Records from a data source

* * * * * * * * *

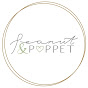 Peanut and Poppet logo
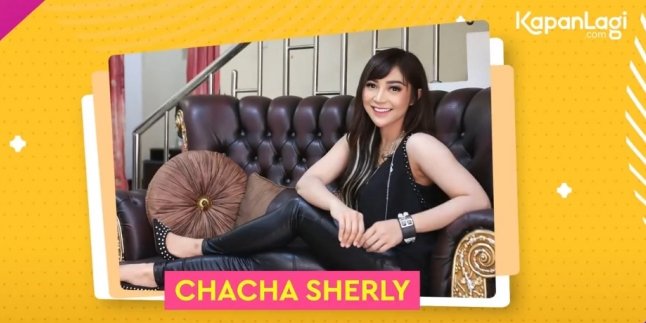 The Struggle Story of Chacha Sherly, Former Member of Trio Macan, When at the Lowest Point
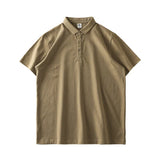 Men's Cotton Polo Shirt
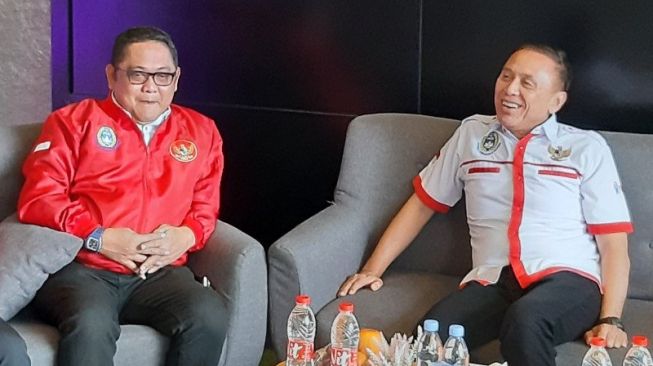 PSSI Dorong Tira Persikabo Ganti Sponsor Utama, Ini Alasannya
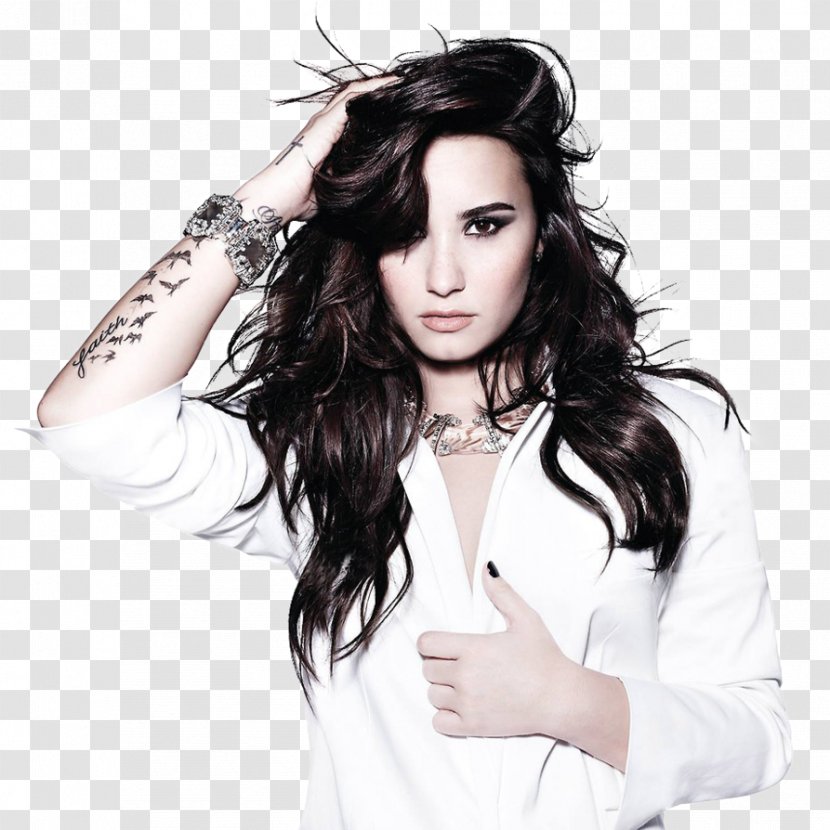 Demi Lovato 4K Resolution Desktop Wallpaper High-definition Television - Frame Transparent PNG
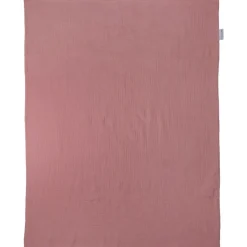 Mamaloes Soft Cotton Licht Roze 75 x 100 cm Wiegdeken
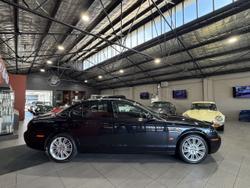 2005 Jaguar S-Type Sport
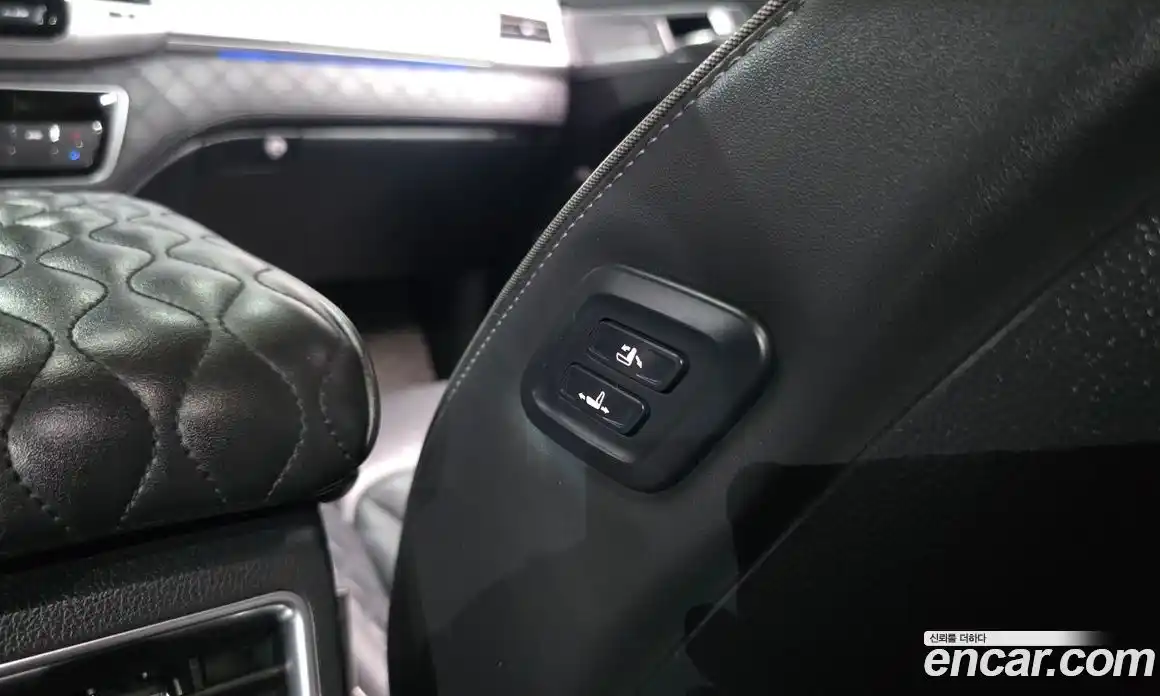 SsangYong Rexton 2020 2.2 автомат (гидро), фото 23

* * * * * * * * *

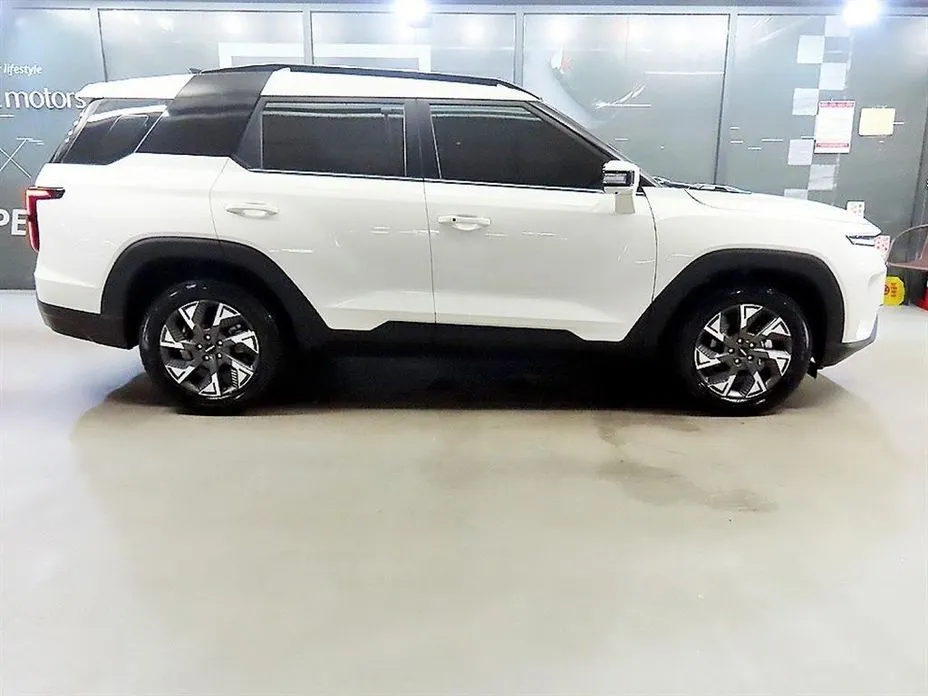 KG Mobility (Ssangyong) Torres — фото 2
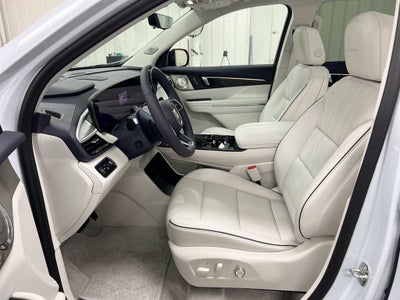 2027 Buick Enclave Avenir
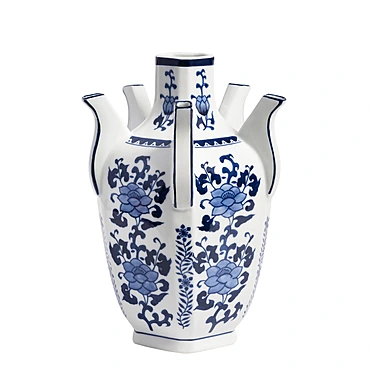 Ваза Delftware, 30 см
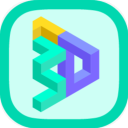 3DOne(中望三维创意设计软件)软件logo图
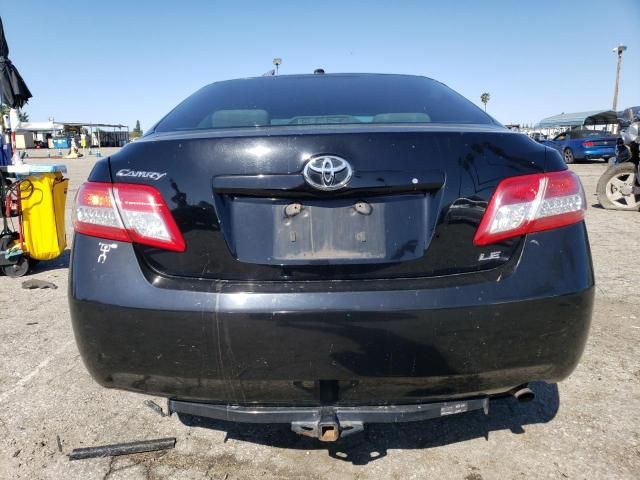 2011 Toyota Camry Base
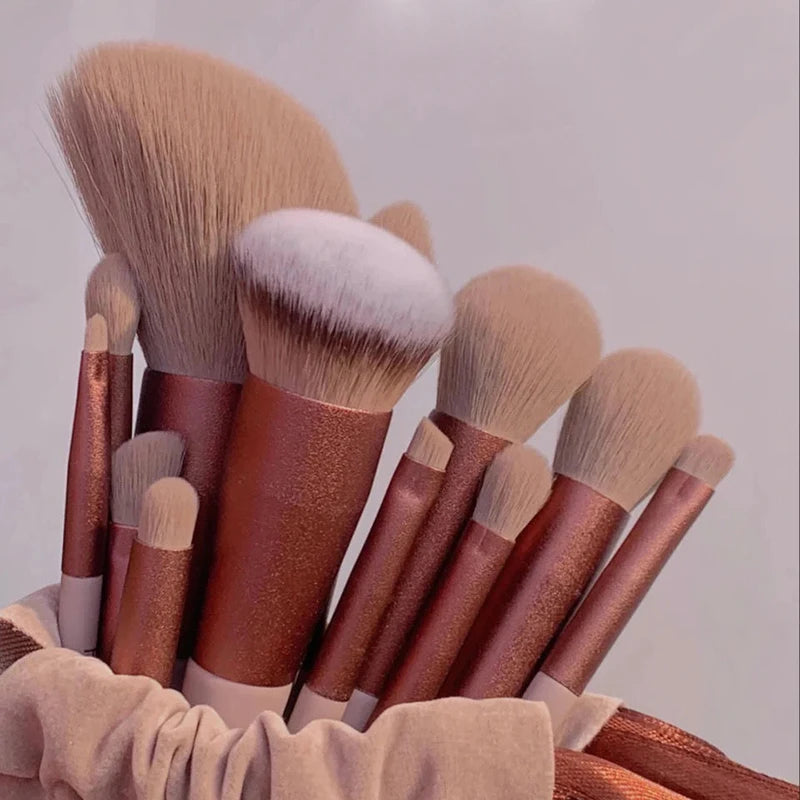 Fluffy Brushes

* * * * * * * * *

- _Description of the task_
Lines wanted from the entries above: the one with "2027 Buick Enclave Avenir", the one with "Fluffy Brushes", and all lines between. Please copy them exactly, without the pictures and without anything else.

- _Output below_
 2027 Buick Enclave Avenir
 Ваза Delftware, 30 см
 3DOne(中望三维创意设计软件)软件logo图
 2011 Toyota Camry Base
 Fluffy Brushes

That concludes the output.